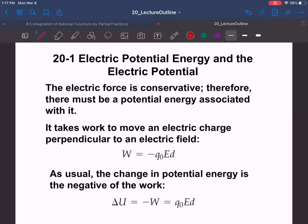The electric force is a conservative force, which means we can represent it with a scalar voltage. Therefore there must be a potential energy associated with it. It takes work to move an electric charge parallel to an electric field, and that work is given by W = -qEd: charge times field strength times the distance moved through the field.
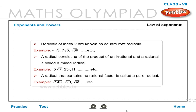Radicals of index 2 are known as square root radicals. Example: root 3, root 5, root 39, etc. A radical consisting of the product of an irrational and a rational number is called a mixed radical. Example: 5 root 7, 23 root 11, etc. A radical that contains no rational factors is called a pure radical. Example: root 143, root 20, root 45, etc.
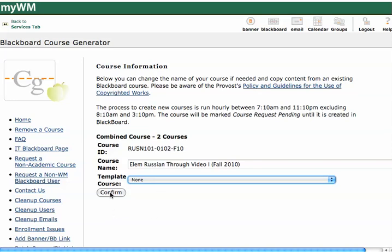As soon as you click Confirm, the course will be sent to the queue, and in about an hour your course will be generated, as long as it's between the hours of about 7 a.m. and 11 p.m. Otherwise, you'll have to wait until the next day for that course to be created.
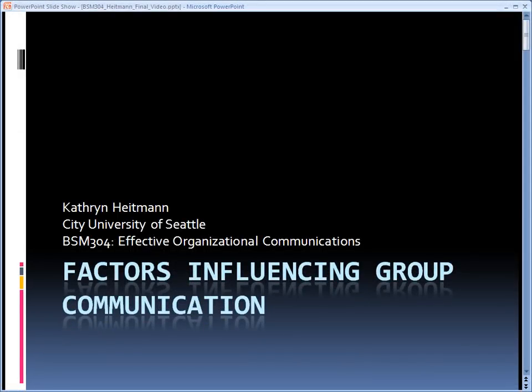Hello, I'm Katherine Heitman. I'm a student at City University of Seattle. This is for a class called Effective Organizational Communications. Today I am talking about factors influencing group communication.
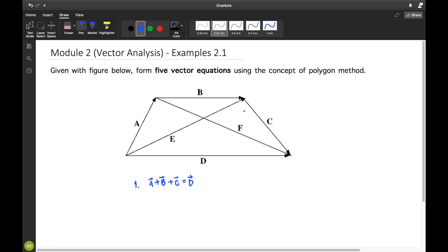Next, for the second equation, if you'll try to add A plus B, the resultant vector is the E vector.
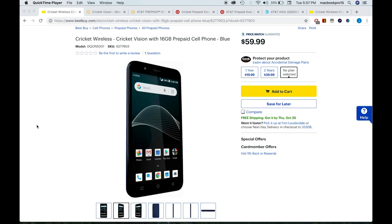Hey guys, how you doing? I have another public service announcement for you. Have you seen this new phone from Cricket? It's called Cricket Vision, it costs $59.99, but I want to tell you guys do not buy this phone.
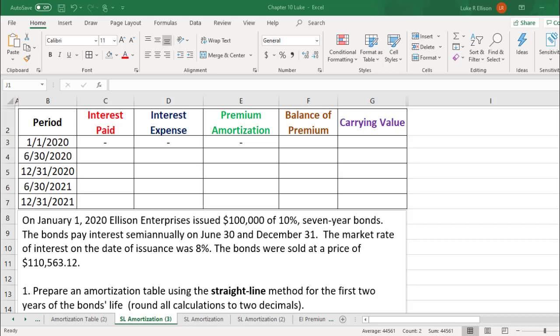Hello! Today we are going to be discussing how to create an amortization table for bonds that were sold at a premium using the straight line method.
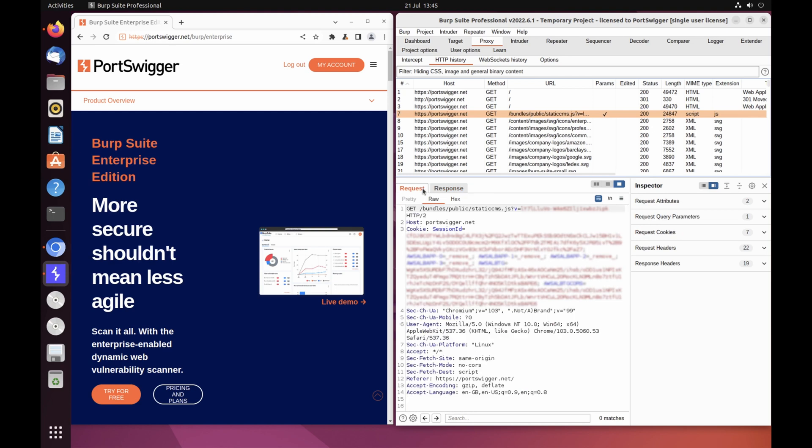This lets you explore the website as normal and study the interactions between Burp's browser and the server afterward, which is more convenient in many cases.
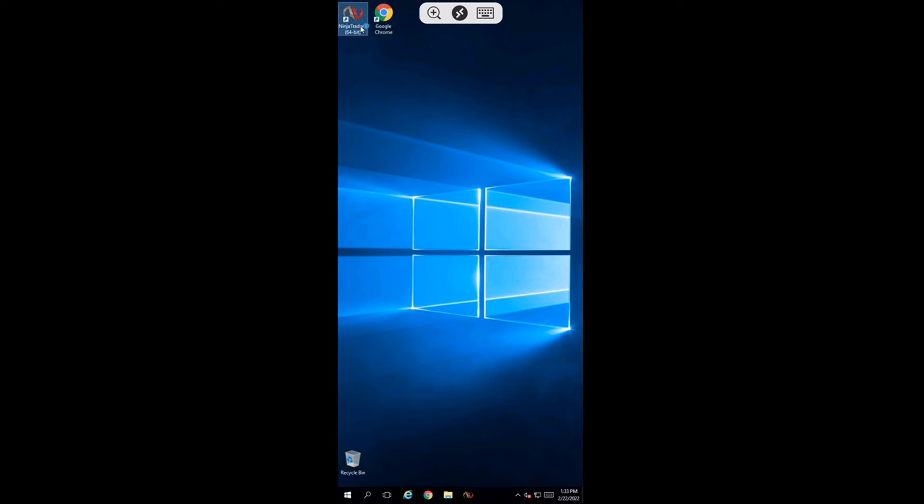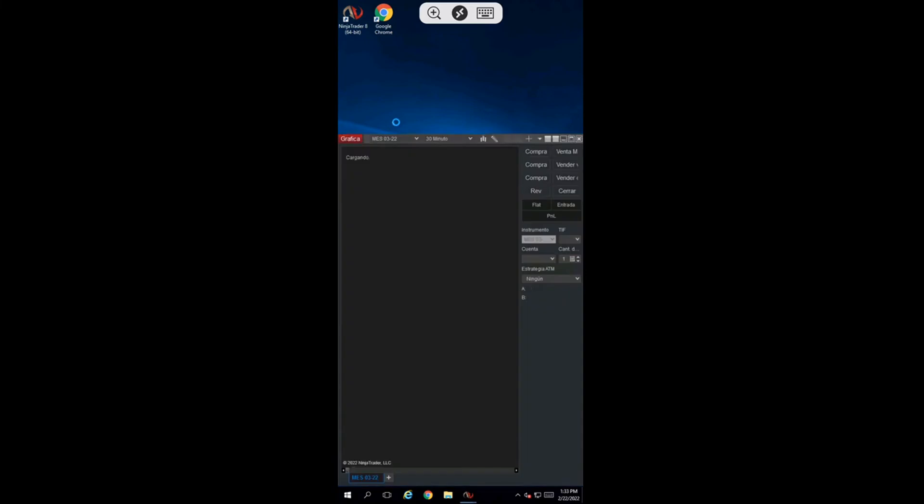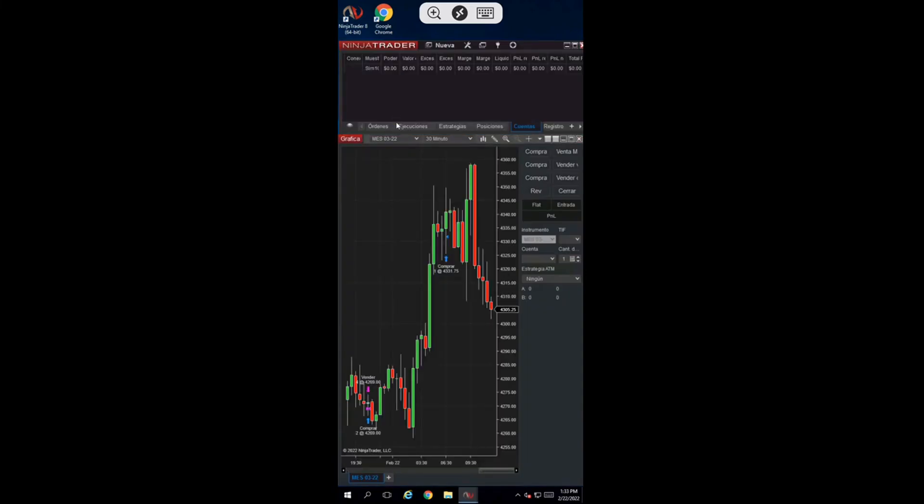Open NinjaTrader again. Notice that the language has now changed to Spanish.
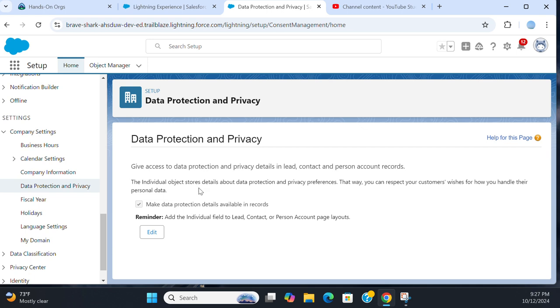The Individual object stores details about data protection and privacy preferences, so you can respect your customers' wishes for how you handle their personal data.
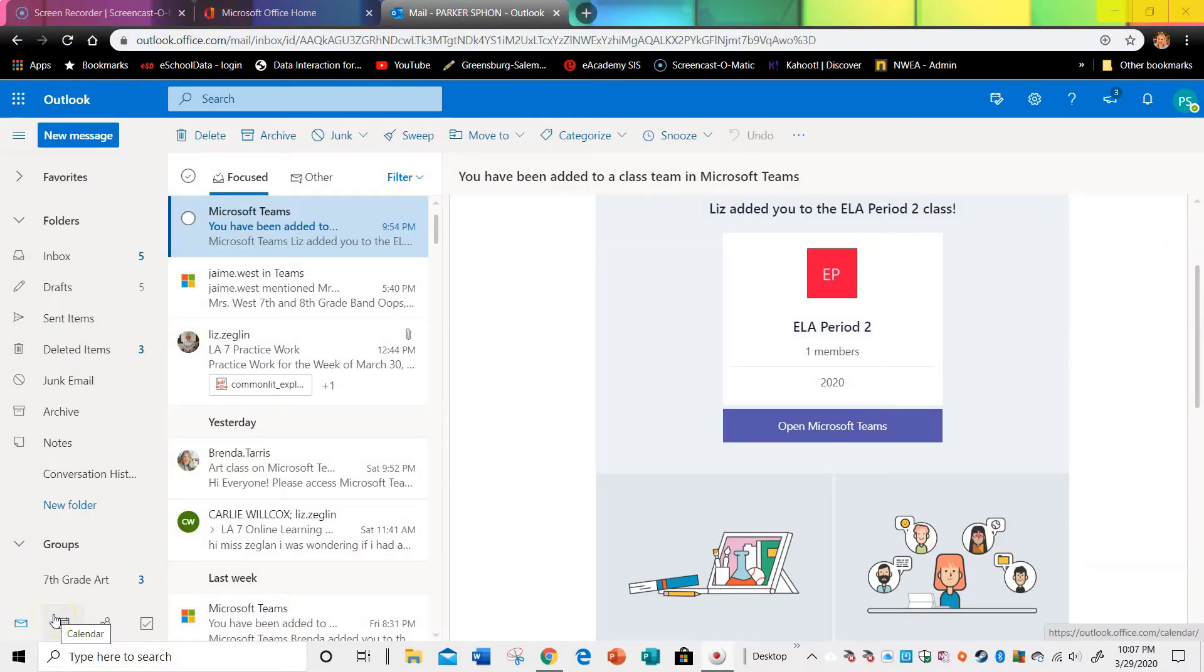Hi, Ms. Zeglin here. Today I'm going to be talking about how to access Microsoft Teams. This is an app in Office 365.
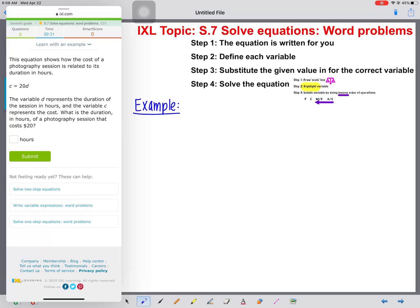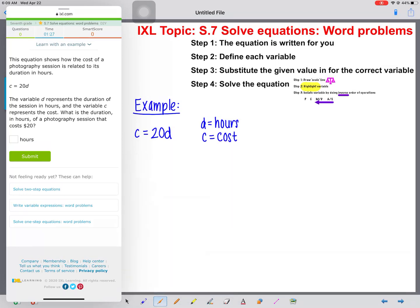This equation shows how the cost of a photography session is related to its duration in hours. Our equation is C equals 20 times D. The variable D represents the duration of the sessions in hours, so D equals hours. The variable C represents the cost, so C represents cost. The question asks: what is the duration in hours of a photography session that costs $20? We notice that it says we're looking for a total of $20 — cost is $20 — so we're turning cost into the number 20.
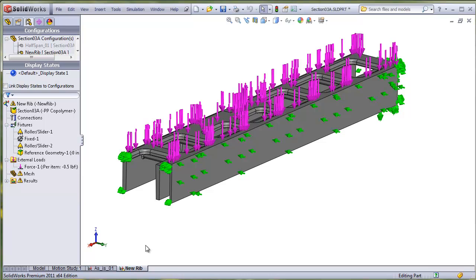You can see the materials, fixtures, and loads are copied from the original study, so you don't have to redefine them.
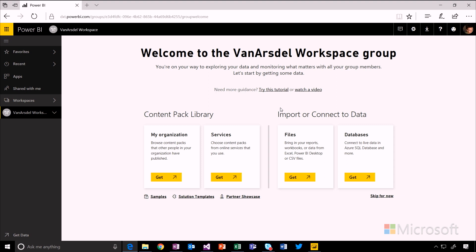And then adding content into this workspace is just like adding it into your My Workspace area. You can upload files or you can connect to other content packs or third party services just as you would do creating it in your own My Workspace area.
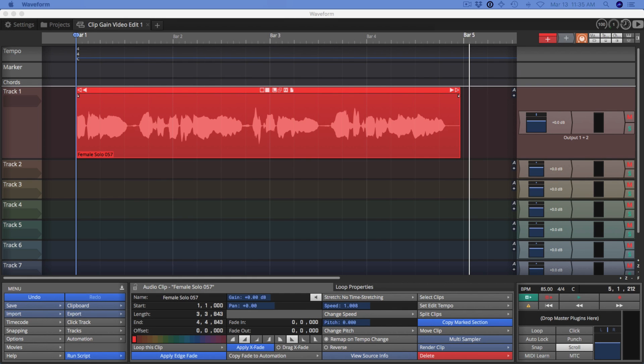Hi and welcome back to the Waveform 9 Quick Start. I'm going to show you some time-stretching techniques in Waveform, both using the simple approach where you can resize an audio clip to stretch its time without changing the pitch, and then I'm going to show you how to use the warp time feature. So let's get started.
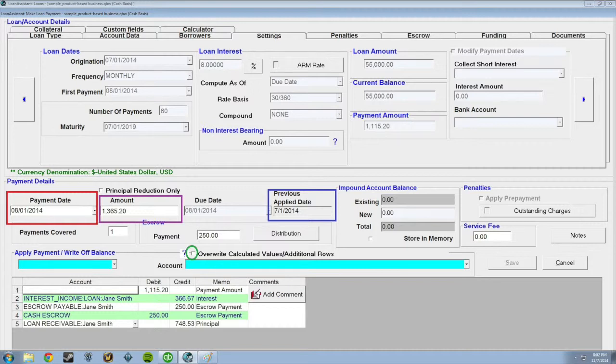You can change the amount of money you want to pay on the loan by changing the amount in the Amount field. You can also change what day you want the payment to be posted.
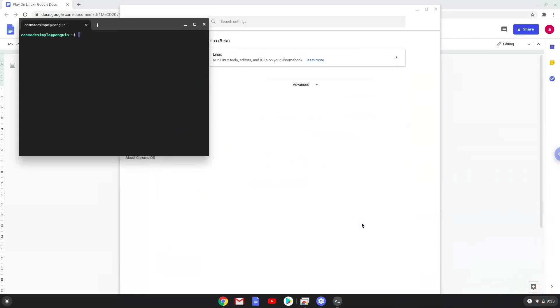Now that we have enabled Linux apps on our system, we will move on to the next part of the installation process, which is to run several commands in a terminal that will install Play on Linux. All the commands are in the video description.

_____

Directions:
Make an exact copy of the listing above. Its pictures are not needed.

Your solution:
The electric force is a conservative force, which means we can represent it with a scalar voltage. Therefore there must be a potential energy associated with it. It takes work to move an electric charge parallel to an electric field, and that work is given by W = -qEd: charge times field strength times the distance moved through the field.
Radicals of index 2 are known as square root radicals. Example: root 3, root 5, root 39, etc. A radical consisting of the product of an irrational and a rational number is called a mixed radical. Example: 5 root 7, 23 root 11, etc. A radical that contains no rational factors is called a pure radical. Example: root 143, root 20, root 45, etc.
As soon as you click Confirm, the course will be sent to the queue, and in about an hour your course will be generated, as long as it's between the hours of about 7 a.m. and 11 p.m. Otherwise, you'll have to wait until the next day for that course to be created.
Hello, I'm Katherine Heitman. I'm a student at City University of Seattle. This is for a class called Effective Organizational Communications. Today I am talking about factors influencing group communication.
Next, for the second equation, if you'll try to add A plus B, the resultant vector is the E vector.
Hey guys, how you doing? I have another public service announcement for you. Have you seen this new phone from Cricket? It's called Cricket Vision, it costs $59.99, but I want to tell you guys do not buy this phone.
Hello! Today we are going to be discussing how to create an amortization table for bonds that were sold at a premium using the straight line method.
This lets you explore the website as normal and study the interactions between Burp's browser and the server afterward, which is more convenient in many cases.
Open NinjaTrader again. Notice that the language has now changed to Spanish.
The Individual object stores details about data protection and privacy preferences, so you can respect your customers' wishes for how you handle their personal data.
Hi, Ms. Zeglin here. Today I'm going to be talking about how to access Microsoft Teams. This is an app in Office 365.
This equation shows how the cost of a photography session is related to its duration in hours. Our equation is C equals 20 times D. The variable D represents the duration of the sessions in hours, so D equals hours. The variable C represents the cost, so C represents cost. The question asks: what is the duration in hours of a photography session that costs $20? We notice that it says we're looking for a total of $20 — cost is $20 — so we're turning cost into the number 20.
You can see the materials, fixtures, and loads are copied from the original study, so you don't have to redefine them.
And then adding content into this workspace is just like adding it into your My Workspace area. You can upload files or you can connect to other content packs or third party services just as you would do creating it in your own My Workspace area.
Hi and welcome back to the Waveform 9 Quick Start. I'm going to show you some time-stretching techniques in Waveform, both using the simple approach where you can resize an audio clip to stretch its time without changing the pitch, and then I'm going to show you how to use the warp time feature. So let's get started.
You can change the amount of money you want to pay on the loan by changing the amount in the Amount field. You can also change what day you want the payment to be posted.
Now that we have enabled Linux apps on our system, we will move on to the next part of the installation process, which is to run several commands in a terminal that will install Play on Linux. All the commands are in the video description.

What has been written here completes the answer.